YOUR ASSIGNMENT =>
Give the listing back in full, exactly as written, with the pictures removed.

START COLLECTED DATA

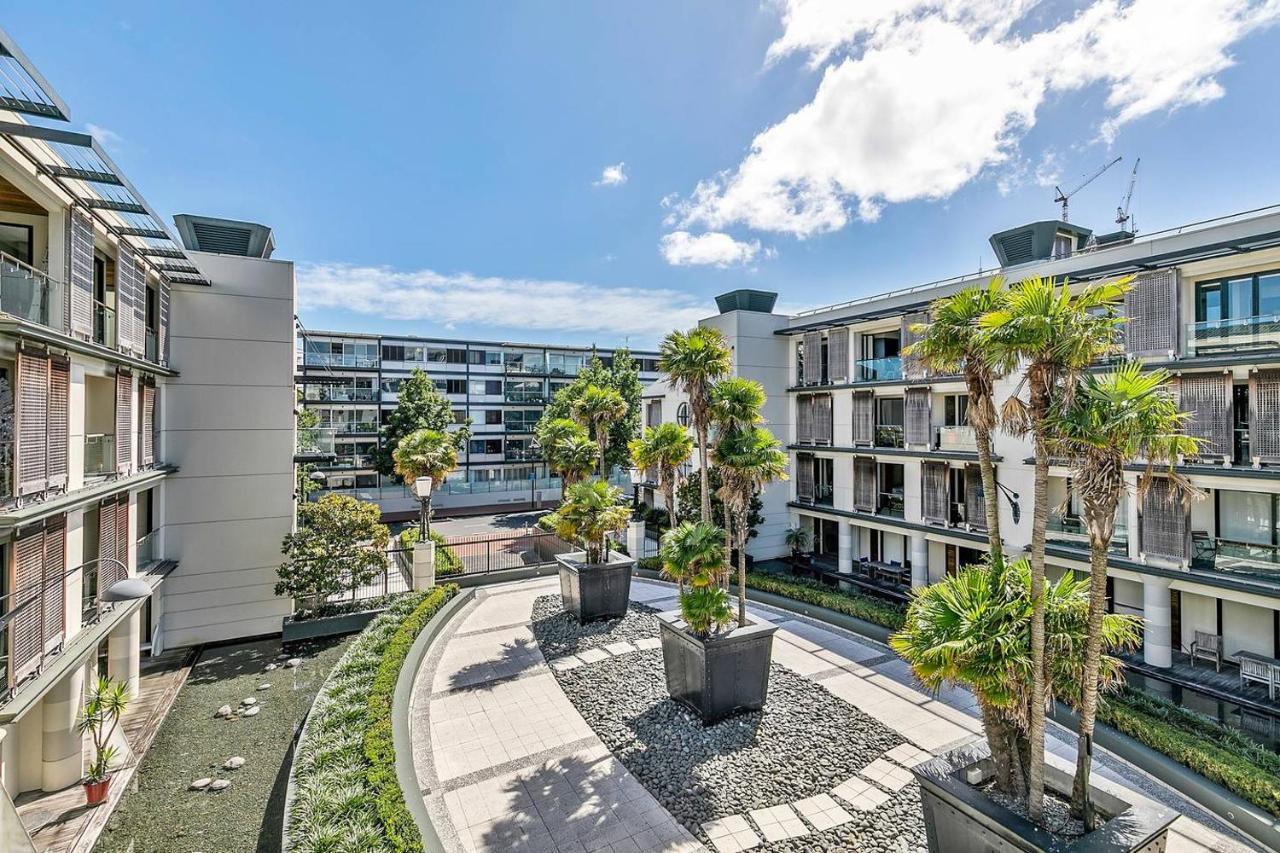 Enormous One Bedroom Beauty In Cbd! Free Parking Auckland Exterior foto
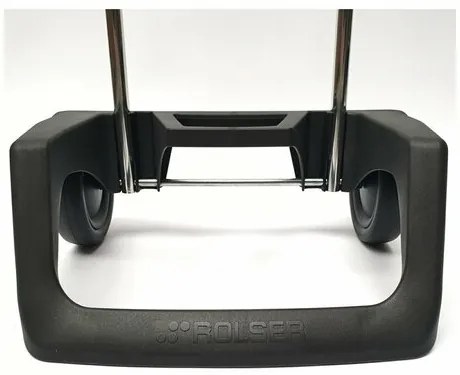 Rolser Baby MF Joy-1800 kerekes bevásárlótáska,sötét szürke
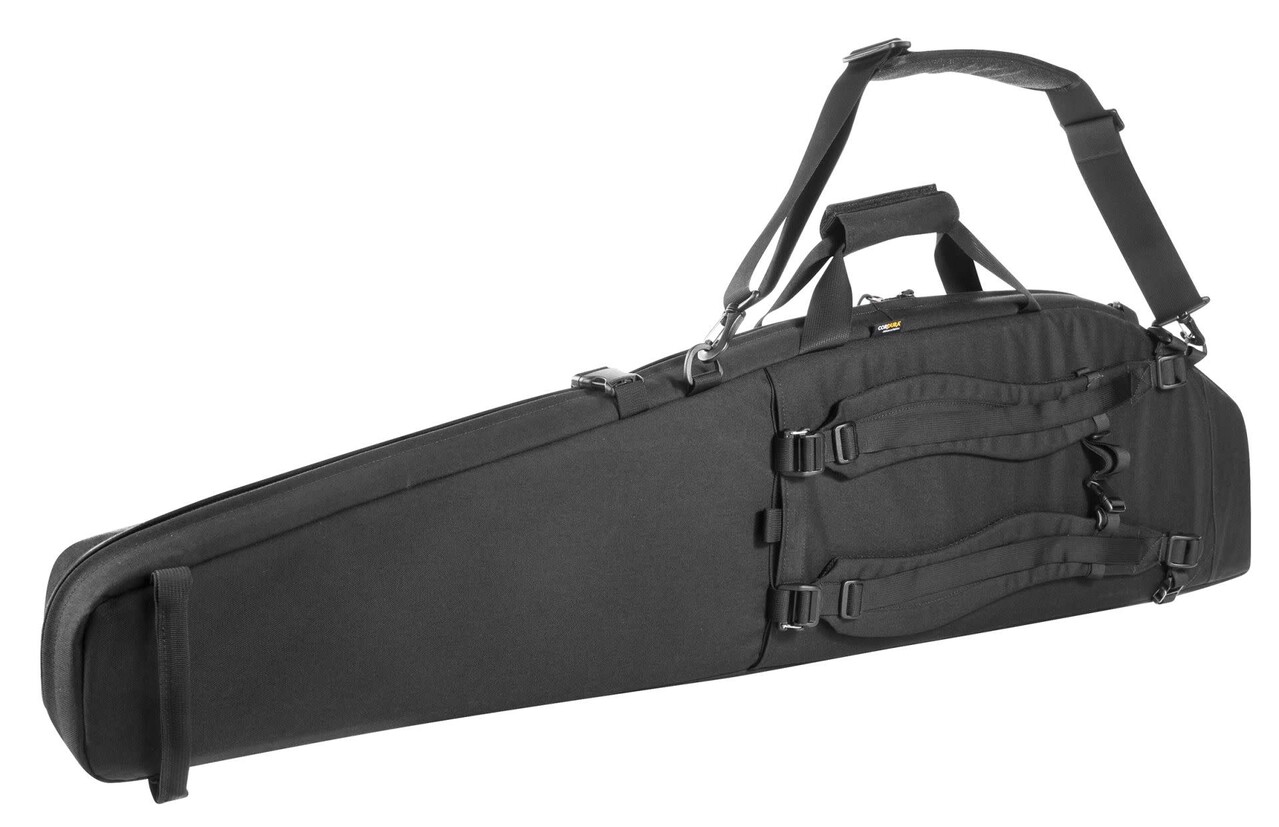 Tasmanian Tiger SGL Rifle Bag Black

END COLLECTED DATA

TASK RESPONSE =>
 Enormous One Bedroom Beauty In Cbd! Free Parking Auckland Exterior foto
 Rolser Baby MF Joy-1800 kerekes bevásárlótáska,sötét szürke
 Tasmanian Tiger SGL Rifle Bag Black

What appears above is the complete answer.